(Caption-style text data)
______________________________

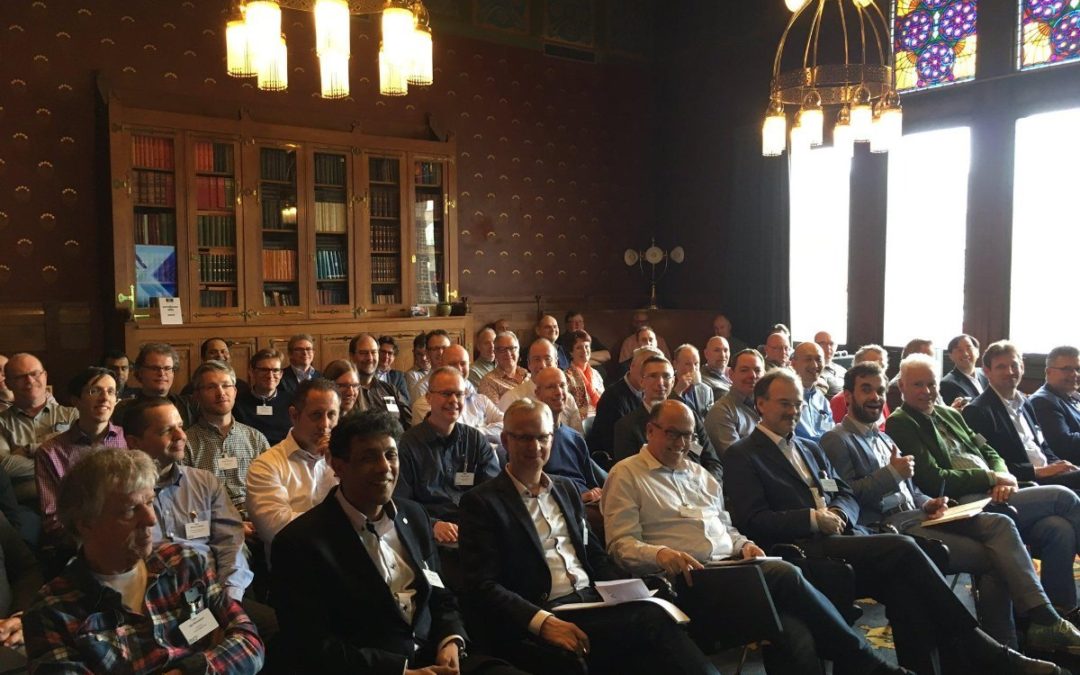 ISC2 Secure Summit Amsterdam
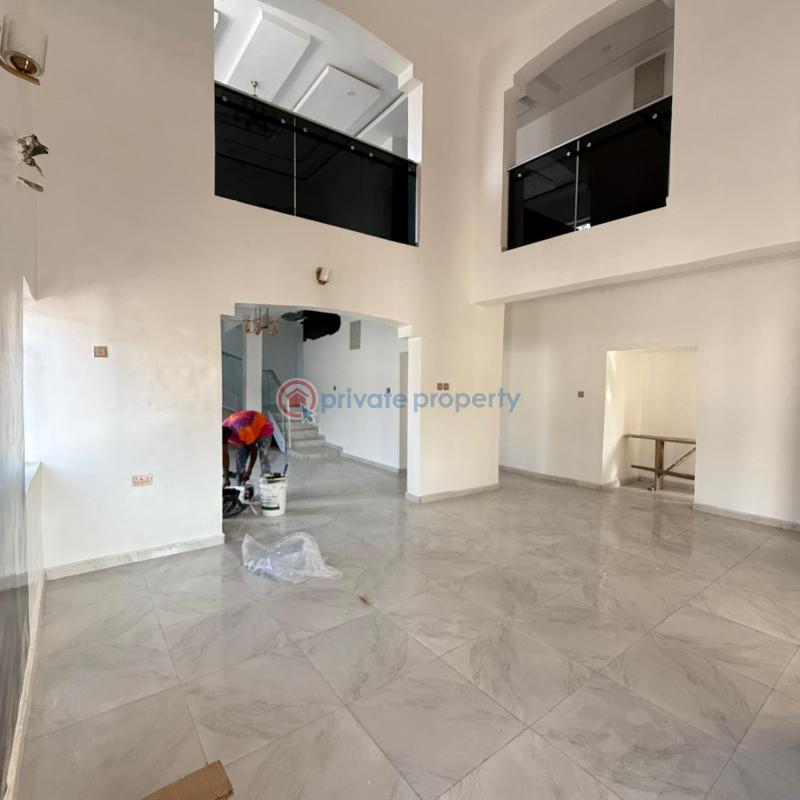 4 bedroom Detached Duplex For Sale Bodije Ajah Lagos - 4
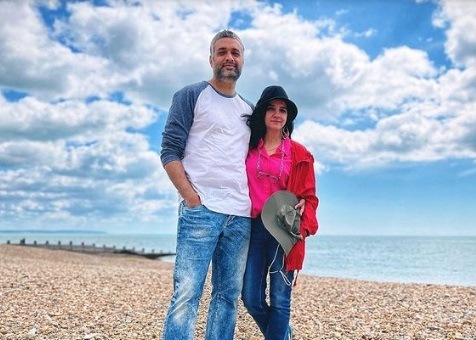 muslim director danish aslam married actress shruti seth 4 times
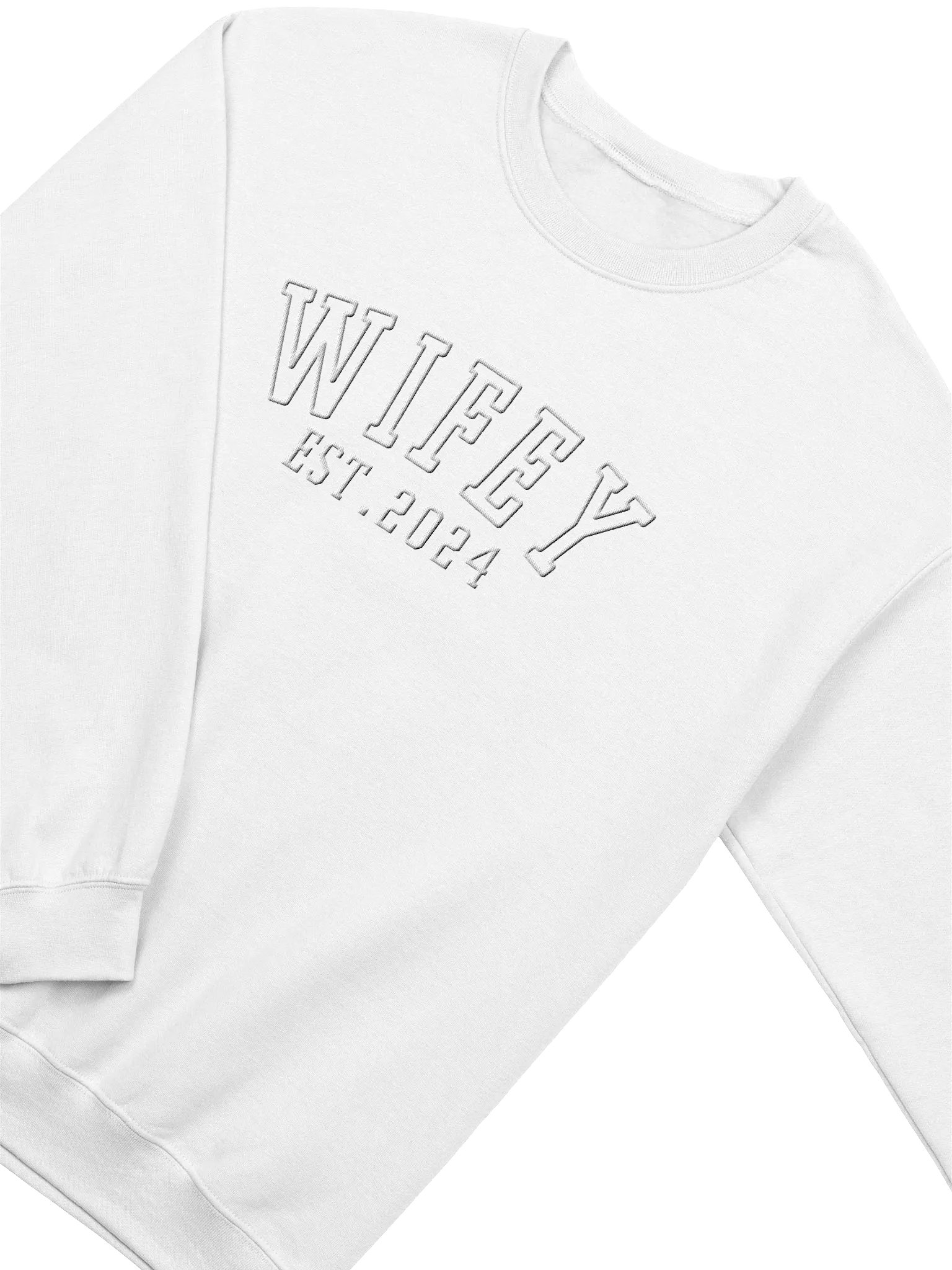 (lexie) Personalized Embroidered 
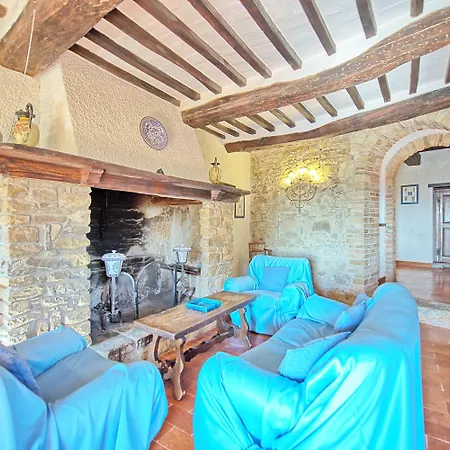 Villa Uccellaia By Posarellivillas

______________________________

**DIRECTIONS FOR THIS TASK**.
Leave out each picture and extract the lines from the one containing "4 bedroom Detached" through the end of the records above, inclusive, exactly as they stand.

**REPLY**.
 4 bedroom Detached Duplex For Sale Bodije Ajah Lagos - 4
 muslim director danish aslam married actress shruti seth 4 times
 (lexie) Personalized Embroidered 
 Villa Uccellaia By Posarellivillas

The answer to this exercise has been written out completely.